The Love you withhold is the pain you carry expresses Sunnsetter’s ever-active creativity and humanity’s natural need for real connections.

It’s unfair and disingenuous to consider the title track of Sunnsetter’s latest release a “sprawling” song. In spite of it being the album’s longest track (coming in at over twice the length of a traditional pop song), “The love you withhold is the pain you carry” is multi-instrumentalist Andrew McLeod’s most considered and concise composition yet. Far from being lost in Sunnsetter’s swirling ambience and angular post-rock style, the song, like the whole of The love you withhold is the pain you carry, is loaded with meaning — both from personal experiences and universal truths. 

With extraordinary frankness and vulnerability, McLeod has never shied away from the artistic expression of his personal journey through music. Like Sunnsetter’s 2018 full-length worrybody, The love you withhold is the pain you carry is a deeply intimate document. He says the album “represents a shift in my overall demeanour in the last few years, and especially once I finally quit drinking altogether.” It’s a mindset that’s reflected in the album’s song titles: “Times are changing”, “The things that I wish for will never change”, “Always growing, to the end ( and it continues )”. Beyond the titles, these new Sunnsetter songs articulate a shift in McLeod’s artistic mindset as well. On many tracks, like the swelling ebb and flow of “Sauble”, ambient tones and textures unfold and begin assuming form. Melodies accumulate note by note (“Everyday’s the same”), like individual atoms becoming molecules, eventually gaining energy and radiating out to reveal McLeod’s innate musicality and compositional style. 

The love you withhold is the pain you carry is both a personal reckoning and professional unburdening, a culmination of Sunnsetter’s ever-active creativity and desire to express humanity’s natural need for real conversations and relationships in our ever-growing artificial social circles.
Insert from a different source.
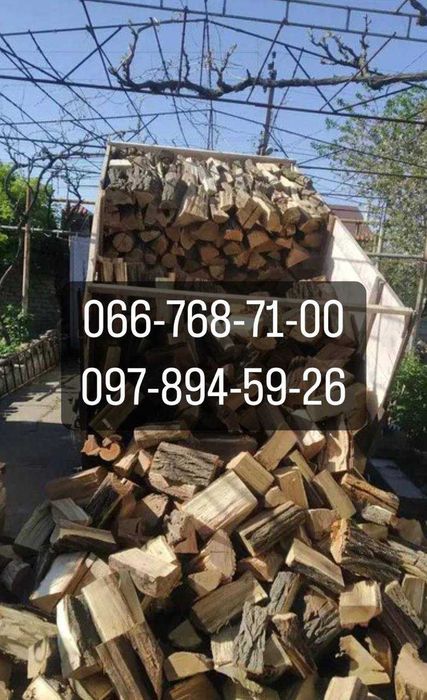 Дрова акация береза ясень ольха дуб сосна тополь ива уголь брикеты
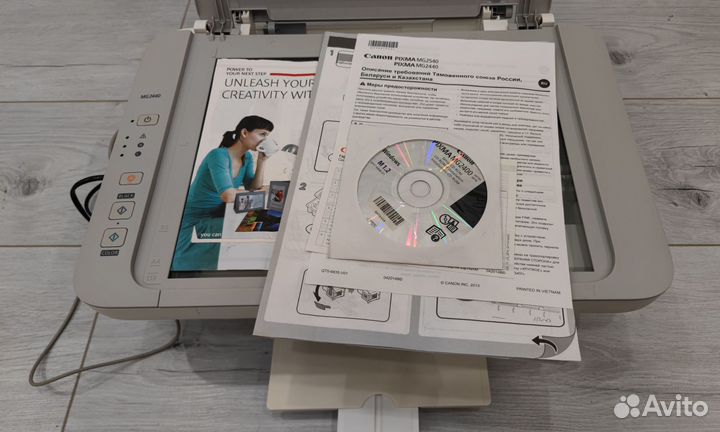 Принтер мфу Canon Pixma MG2440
It’s one thing to understand the idea that we all have a finite emotional capacity, whether it’s pain and hatred or happiness and pleasure. It’s another to accept that we are each responsible for how much space we let each of these emotions take up in our lives. The love you withhold is the pain you carry is the sound of Sunnsetter discovering the benefits we all reap in making a little more room for the latter than the former in our lives.

Previous
Yessica Woahneil
Music to bite your nails and spit them out to EP
Next
Foisy.
Mémoires.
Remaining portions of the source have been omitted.